To make a practical example, an high value of buffers indicates problems on a I/O level (which can be further investigated with the iostat command9. The value used in the Swap row shows if and how much the system is swapping memory on disk.
Some particular situations, like systems with the ZFS file system, show even more unexpected results as they implement a RAM caching system.

sar -n DEV 1 [Network I/O]

Up to now we’ve dealt with tools that allow to control computing resources, mainly processor, disk and memory, but we often need to evaluate the working state of network connections, and the sar command comes handy. This tool shows statistics on throughput of network interfaces: rxpck/s and txpck/s (received and sent packets per second), rxkB/s and txkB/s (sent and received kilobytes per second), %iful (use percentage of the interface). This last parameter shows the sum of sent and received kB per second, expressed as a percentage on the interface’s speed in case of half-duplex. In case of full-duplex, the parameter to consider is the greater between rxkB/s and trkB/s.
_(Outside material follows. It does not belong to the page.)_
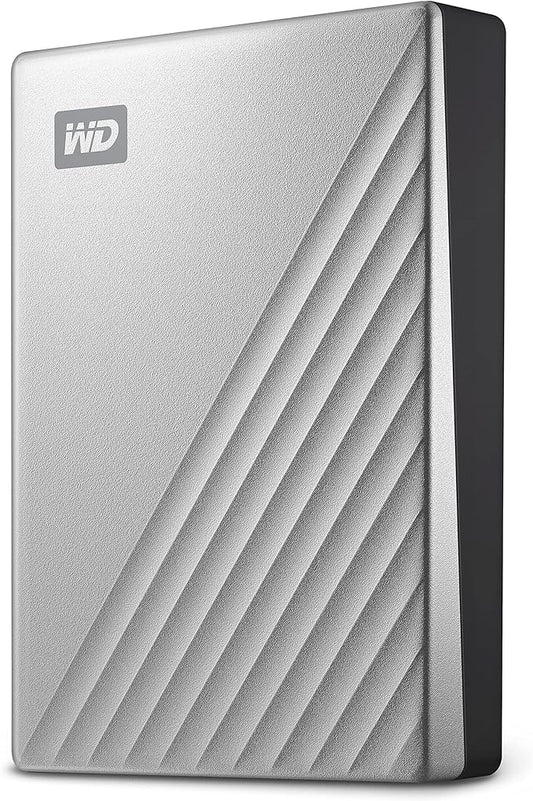 WD 5TB My Passport Ultra for Mac Silver, Portable External Hard Drive, backup software with defense against ransomware, and password protection, USB-C and USB 3.1 - WDBPMV0050BSL-WESN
sar -n TCP,ETCP 1 [TCP connections]

The TCP and ETCP (ErrorTCP) options offer metrics about TCP connections that are started per second (active/s), accepted (passive/s) and retransmissions per second (retrans/s). The number of started/accepted connections offer a gross measure of the server’s usage degree, and a high value of retrans means a server-side or network problem: for instance a situation where the server is overloaded and doesn’t accept any more packets, or the Internet connection isn’t stable.

atop [main overview]

atop (the evoluted version of top) provides an overview of the system. The output is divided into two parts: the upper part provide information on a system level, while the lower on single process level. Being an all-around diagnostics tool, some information is the same provided by other tools. For instance avg1, avg5 and avg15 of the CPL (CPU Load) field are the same load averages of the last 1, 5 and 15 minutes offered by uptime. We can also get additional information on processes by pressing some keys: m (information about memory usage), d (disk), n (network, but the netatop module must be installed. See http://atoptool.nl/downloadnetatop.php), c (command line), v (charateristics of processes), u (activities per user) and g (generic, which is the default output). Pressing r reloads the page.
Among the capabilities of atop we can also find logging (logs are usually collected in /var/log/atop/) which makes performances analysis possible also for moments in the past, a feature which is not offered by top.
Furthermore, atop collects information about processes in such a way that almost every process is caught, while top has a system that misses many short-lived process that could make up most of the resource utilization in certain situations.

In this article we have introduced the USE method and analyzed a number of tools to perform troubleshooting in a Linux scenario. With this tools you can identify with a good precision level the causes of loss of performances as well as use use them for planned maintenance routines and system monitoring.